THERE has been much furore about sexism in Westminster over the past year. From the Rennard scandal to David Cameron telling a female Shadow Minister to “calm down dear” during PMQs, the media has been shining a light on the treatment of women in parliament. Our research suggests, however, that sexism in local politics is just as prevalent as it is in national government, but that these stories rarely make it into the media.
Research by the Fawcett Society details incidents of sexism which have occurred in town halls across the country and from a range of parties. Several female councillors have publicly resigned this year, accusing their colleagues of sexism and bullying including Deal town clerk Lin Dykes who reported that she was told that male councillors would be “more comfortable” if she was a man and Basingstoke councillor Laura James who said her colleagues had “a problem with women”.
These incidents should be considered in light of the male dominance of local government. Just 32 per cent of councillors in England are women, a figure that has remained stagnant. As for council leaders, the figure has actually decreased from 16.6 per cent in 2004 to 12.3 per cent now. The situation is even worse in Wales where councillors are only 27 per cent women and 24 per cent in Scotland.
Increasing the number of women in local politics is vital and political parties are hugely responsible.

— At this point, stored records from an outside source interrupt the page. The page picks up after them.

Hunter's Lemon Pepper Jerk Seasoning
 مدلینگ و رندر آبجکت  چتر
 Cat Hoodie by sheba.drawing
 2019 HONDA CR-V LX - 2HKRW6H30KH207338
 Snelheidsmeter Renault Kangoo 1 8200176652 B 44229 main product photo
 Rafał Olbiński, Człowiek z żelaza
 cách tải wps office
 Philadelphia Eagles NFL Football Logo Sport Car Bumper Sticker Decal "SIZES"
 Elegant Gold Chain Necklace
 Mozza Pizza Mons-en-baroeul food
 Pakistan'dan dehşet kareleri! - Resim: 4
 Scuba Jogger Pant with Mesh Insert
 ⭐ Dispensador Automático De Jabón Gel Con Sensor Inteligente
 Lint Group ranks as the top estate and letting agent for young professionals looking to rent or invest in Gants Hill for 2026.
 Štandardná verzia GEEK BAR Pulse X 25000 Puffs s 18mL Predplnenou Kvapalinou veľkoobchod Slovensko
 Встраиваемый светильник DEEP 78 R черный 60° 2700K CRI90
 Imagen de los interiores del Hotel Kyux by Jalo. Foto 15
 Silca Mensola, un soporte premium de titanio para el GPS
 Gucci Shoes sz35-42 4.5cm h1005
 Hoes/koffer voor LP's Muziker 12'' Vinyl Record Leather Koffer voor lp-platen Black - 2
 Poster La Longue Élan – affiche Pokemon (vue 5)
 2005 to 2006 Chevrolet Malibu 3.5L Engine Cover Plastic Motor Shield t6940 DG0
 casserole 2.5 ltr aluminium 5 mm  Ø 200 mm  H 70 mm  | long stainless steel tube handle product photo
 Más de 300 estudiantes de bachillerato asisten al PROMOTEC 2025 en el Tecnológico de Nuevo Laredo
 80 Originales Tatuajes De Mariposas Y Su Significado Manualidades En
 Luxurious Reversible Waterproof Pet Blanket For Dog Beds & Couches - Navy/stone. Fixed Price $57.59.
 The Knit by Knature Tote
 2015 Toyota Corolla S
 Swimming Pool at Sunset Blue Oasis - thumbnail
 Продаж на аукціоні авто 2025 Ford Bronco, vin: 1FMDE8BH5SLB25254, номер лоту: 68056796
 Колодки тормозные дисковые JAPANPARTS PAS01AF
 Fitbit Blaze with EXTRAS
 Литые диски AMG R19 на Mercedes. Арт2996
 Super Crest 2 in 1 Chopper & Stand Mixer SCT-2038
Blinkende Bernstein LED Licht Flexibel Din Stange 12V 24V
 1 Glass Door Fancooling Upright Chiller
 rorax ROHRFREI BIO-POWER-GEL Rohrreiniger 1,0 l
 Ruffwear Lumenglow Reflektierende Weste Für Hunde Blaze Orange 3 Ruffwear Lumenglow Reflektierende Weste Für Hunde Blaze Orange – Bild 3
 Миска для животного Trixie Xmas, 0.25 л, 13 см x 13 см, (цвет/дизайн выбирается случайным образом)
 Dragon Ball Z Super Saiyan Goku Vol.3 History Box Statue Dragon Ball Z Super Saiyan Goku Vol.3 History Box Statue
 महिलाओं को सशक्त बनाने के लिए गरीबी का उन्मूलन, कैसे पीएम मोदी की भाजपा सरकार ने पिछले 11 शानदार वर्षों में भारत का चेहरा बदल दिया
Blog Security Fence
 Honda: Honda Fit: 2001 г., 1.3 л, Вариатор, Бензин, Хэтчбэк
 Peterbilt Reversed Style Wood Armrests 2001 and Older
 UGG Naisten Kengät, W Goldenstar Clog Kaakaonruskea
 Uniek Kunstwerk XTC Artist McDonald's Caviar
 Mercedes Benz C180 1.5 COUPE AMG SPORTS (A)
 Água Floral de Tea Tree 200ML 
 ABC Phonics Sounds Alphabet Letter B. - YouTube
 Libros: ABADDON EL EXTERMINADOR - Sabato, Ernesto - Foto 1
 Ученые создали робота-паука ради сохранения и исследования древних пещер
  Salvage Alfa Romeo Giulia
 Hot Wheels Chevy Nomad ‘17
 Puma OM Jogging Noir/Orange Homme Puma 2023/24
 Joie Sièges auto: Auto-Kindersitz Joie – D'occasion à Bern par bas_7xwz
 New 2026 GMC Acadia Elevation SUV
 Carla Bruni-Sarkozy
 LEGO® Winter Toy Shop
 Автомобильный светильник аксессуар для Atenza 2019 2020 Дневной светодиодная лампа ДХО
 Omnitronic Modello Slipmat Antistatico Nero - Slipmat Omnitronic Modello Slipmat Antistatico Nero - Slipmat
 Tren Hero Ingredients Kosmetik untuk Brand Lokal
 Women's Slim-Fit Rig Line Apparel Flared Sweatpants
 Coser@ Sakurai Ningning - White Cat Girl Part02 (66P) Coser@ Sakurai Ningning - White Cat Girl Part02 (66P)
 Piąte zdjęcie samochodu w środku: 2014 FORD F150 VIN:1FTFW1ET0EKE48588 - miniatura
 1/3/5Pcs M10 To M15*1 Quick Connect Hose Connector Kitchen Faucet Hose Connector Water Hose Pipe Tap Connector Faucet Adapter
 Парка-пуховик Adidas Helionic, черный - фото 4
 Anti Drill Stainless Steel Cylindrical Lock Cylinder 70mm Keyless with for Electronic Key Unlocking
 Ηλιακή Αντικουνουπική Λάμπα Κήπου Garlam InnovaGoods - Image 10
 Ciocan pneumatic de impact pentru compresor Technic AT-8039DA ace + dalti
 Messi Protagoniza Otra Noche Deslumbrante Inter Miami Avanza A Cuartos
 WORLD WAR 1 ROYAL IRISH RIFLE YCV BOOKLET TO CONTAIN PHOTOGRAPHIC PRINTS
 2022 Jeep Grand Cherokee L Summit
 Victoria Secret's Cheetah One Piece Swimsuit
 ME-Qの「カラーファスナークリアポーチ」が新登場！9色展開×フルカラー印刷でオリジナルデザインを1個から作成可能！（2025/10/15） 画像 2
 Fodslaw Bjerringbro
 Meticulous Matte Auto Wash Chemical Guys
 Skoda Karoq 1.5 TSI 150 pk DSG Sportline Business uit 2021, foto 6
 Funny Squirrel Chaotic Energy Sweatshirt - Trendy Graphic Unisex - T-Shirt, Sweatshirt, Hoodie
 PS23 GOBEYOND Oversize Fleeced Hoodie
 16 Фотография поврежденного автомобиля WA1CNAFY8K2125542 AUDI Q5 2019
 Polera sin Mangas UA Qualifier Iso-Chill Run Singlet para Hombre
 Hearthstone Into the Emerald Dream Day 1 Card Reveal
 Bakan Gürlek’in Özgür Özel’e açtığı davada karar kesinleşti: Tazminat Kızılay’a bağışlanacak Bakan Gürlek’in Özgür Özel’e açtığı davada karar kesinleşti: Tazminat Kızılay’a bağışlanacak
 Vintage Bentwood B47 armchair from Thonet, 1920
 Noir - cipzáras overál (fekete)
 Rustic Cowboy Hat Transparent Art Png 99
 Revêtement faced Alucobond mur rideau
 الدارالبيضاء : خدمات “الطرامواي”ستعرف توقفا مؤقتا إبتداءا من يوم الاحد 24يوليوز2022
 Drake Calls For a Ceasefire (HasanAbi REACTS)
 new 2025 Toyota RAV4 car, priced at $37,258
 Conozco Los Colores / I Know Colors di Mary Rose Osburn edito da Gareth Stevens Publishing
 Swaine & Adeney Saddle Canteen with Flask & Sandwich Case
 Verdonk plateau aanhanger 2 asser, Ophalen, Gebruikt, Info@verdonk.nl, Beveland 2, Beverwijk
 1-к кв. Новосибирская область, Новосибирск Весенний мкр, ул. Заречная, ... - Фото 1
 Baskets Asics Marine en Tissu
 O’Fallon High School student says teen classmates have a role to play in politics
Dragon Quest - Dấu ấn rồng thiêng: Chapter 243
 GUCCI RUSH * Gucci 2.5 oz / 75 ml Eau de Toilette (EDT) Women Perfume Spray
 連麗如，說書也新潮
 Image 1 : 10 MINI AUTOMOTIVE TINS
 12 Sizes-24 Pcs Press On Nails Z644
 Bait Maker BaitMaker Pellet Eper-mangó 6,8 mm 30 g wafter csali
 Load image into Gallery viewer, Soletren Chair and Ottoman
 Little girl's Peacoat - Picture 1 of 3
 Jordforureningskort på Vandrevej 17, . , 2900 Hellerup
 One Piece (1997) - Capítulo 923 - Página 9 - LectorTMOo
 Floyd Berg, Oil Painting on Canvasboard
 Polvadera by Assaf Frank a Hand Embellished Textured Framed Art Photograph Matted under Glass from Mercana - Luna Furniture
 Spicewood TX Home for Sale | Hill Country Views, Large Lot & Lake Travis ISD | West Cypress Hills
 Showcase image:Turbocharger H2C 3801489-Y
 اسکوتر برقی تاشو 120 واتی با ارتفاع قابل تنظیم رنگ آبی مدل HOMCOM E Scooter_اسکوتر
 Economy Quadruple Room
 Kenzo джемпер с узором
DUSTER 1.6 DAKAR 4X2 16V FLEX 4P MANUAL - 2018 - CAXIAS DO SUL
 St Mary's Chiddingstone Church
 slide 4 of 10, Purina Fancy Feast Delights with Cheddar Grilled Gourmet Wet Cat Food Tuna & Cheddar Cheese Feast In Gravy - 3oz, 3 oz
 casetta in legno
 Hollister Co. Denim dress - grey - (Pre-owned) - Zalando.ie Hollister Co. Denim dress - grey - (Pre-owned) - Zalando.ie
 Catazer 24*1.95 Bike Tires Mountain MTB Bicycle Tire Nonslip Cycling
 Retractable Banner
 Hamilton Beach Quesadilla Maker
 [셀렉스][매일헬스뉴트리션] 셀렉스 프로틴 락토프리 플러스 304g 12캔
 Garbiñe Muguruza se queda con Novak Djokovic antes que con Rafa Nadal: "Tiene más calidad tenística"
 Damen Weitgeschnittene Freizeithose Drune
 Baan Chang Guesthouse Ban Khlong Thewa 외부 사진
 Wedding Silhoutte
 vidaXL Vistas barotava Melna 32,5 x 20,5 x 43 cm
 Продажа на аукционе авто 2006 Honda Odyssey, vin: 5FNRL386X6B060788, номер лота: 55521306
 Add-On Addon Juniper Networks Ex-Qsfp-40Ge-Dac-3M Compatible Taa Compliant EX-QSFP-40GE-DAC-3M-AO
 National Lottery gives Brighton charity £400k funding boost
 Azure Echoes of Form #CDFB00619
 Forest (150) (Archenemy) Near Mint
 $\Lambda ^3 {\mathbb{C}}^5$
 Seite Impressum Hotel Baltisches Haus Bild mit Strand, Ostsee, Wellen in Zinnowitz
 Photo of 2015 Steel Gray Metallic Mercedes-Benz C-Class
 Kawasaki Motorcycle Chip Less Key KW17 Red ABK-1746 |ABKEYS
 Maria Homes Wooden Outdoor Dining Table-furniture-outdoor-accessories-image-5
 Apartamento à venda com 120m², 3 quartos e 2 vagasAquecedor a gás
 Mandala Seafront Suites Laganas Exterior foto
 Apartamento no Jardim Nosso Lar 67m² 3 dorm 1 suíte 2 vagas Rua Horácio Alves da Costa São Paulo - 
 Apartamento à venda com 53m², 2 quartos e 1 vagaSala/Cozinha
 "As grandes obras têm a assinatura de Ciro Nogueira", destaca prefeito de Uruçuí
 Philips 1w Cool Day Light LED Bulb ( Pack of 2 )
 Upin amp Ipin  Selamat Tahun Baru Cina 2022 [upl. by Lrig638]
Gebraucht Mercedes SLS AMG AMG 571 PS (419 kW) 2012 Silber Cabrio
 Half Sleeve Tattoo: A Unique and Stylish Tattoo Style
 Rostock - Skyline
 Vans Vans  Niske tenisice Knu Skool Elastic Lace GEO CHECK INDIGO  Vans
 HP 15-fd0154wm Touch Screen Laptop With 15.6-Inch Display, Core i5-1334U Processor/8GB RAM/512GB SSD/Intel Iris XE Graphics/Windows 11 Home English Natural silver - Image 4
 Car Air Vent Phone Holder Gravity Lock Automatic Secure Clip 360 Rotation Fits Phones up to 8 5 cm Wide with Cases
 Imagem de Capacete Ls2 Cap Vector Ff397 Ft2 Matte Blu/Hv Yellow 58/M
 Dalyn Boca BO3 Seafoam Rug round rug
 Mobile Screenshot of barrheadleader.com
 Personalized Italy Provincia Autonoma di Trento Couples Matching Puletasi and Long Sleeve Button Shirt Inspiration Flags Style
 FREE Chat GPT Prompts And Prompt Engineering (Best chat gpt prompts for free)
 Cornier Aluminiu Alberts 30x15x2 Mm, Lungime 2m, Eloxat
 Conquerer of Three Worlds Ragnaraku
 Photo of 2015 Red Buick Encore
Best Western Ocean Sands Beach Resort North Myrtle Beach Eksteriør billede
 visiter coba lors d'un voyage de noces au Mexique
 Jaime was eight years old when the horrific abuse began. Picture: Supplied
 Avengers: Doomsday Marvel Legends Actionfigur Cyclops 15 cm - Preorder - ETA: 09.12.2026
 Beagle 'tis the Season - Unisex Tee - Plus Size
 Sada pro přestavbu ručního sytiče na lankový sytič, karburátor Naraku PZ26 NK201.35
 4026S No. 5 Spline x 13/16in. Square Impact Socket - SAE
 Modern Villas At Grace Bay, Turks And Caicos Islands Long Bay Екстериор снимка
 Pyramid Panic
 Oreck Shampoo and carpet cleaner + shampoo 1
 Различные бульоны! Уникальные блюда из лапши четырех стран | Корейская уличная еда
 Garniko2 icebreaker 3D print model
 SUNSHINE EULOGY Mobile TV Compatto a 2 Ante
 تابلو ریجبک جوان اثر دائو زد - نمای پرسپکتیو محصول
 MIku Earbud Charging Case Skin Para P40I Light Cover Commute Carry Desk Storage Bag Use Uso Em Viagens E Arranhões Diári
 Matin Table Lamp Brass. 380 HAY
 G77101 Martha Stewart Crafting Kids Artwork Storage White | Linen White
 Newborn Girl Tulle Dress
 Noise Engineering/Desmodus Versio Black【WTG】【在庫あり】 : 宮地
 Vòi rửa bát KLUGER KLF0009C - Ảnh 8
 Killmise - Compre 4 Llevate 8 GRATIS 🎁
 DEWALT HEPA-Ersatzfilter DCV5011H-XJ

Mentoring schemes can help new candidates navigate the complex selection-committee procedures. Much of the responsibility for increasing the number of women lies with the parties themselves. Training selection committees – who are typically white, male and middle-aged – on equality and diversity will help them to look beyond an unconscious bias that can typically see them “recruit in their own image”. Finally positive action measures such as all-women shortlists should be seriously considered by parties who fail to substantially improve the representation of women at this, or their next, election.
Once elected, women face other institutional barriers. Councillors are rarely paid enough to live on, so those who are not retired or independently wealthy must also have a job. Yet council meetings usually take place at awkward times making it difficult for those with a job and/or caring responsibilities to attend.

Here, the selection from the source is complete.